The story of a child escaping in a dream world because its reality is too painful is nothing new. Spanish director Guillermo del Toro already did something similar with his masterpiece El laberinto del fauno and – it hurts me to say this – far more effective than A monster calls.
The problem of this movie is that the reality is very dire. Very dark and very real. The fantasy on the other hand is light and often funny.
Unfortunately, the movie fails to bring both worlds together into one coherent story. One part disrupts the other. And so, it becomes quite hard to enjoy the movie as a whole.
The one thing A monster calls does very well is the depiction of the tree monster. The voice acting of Liam Neeson is raw and captivating, making this creature the very first successful CGI-monster of 2017.
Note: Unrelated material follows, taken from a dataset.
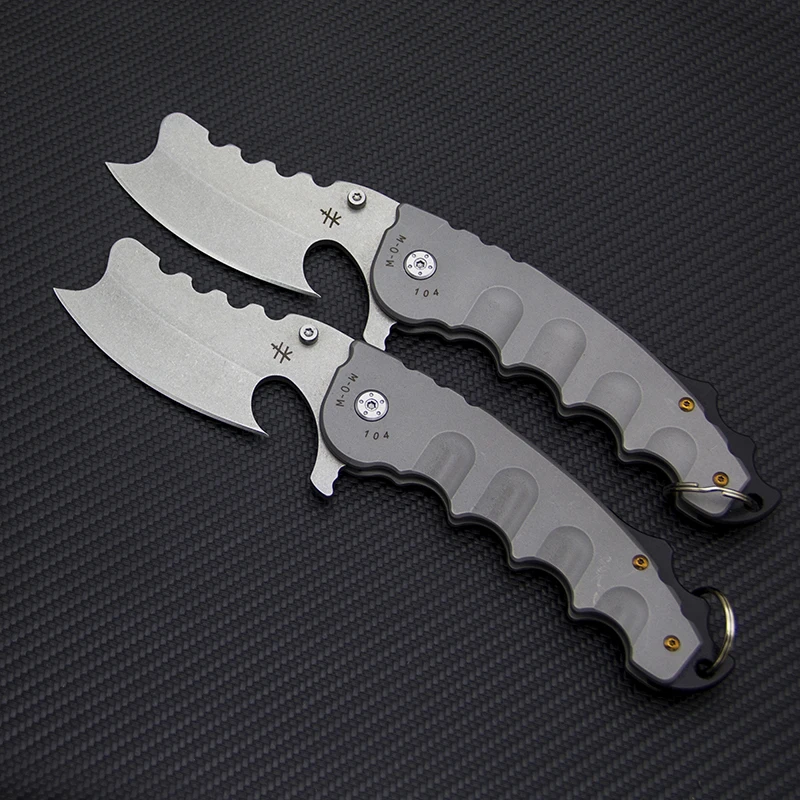 Карманный нож EDC Chris Reeve 5Cr15Mov тактический складной уличные спасательные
Then again, the monster by itself is boring … it does very little more than tell stupid stories and break down houses, just for fun.
From the very beginning it becomes clear that Conor, the young boy who struggles with his mum’s terminal illness – is facing a very hard time. He’s bullied in school, hates his grandmother and is often alone and angry.
He escapes into a make-belief world where a giant tree monster awaits to help him, and deal with all these emotions.
When you read it like this, A monster calls sounds quite interesting. However, the execution is poorly done. The reality of a sick mother who’s close to dying stands in firm contrast with the colorful fantasy of a giant storytelling tree monster. Somehow … both worlds cannot co-exist in this movie.
Let it be known this is only Lewis MacDougall‘s second movie – not to mention that the first one was quite weak – and the boy is only 15 years old. Still, the casting of the young boy could’ve benefited from a better actor. Some scenes are great, yet others are very shallow.
It’s within these unconvincing moments that the young Scottish boy fails to act such deep and complex emotions … emotions that he probably never even experienced.
This weakness becomes very apparent when looking at the two other leads: Felicity Jones & Sigourney Weaver. Both women are very much in control of their anger and devastation, and would’ve made a real difference in the movie, if the writing had been better.
It’s hard to say who’s to blame. Is it the writing? Is it the director? Perhaps it’s just a matter of taste.
Whichever way you slice it, A monster calls isn’t a fantasy movie. It’s not even an entertaining movie.
It’s a very dire and bleak representation of what happens to a young boy when faced with his mother dying. It’s a long and arduous journey of two persons fighting a disease that keeps destroying the things we love the most.
A monster calls needed a silver lining. Some uplifting message to circumvent all that drama. And the fantasy of a silly tree monster just … isn’t … powerful enough!
Did you know?
Affecting an English accent was second nature to Sigourney Weaver since her mother was British.
Give it to me short:
A monster calls has a very interesting story when you look at it. But what it tries to do is also very hard. And it’s something very little movies have been successful at. Bringing together a grim reality with a colorful fantasy requires something special. A brilliant writer or a masterclass director. This movie sadly has neither.
While both parts of the story work well on their own, it’s the culmination of the two worlds that collide into something boring and disrupting at times. The raw reality in the movie is so depressing that it neglects to entertain on any level. But also, especially when you’ve ever lost someone close to you, the movie doesn’t delve deeply enough on an emotional level. You’re constantly thrown back and forth between the silliness of a talking tree and the seriousness of a sick mother dying of cancer.
Also: doesn’t the monster in this movie look like a copy of Groot, the tree-creature in ‘Guardians of the Galaxy’?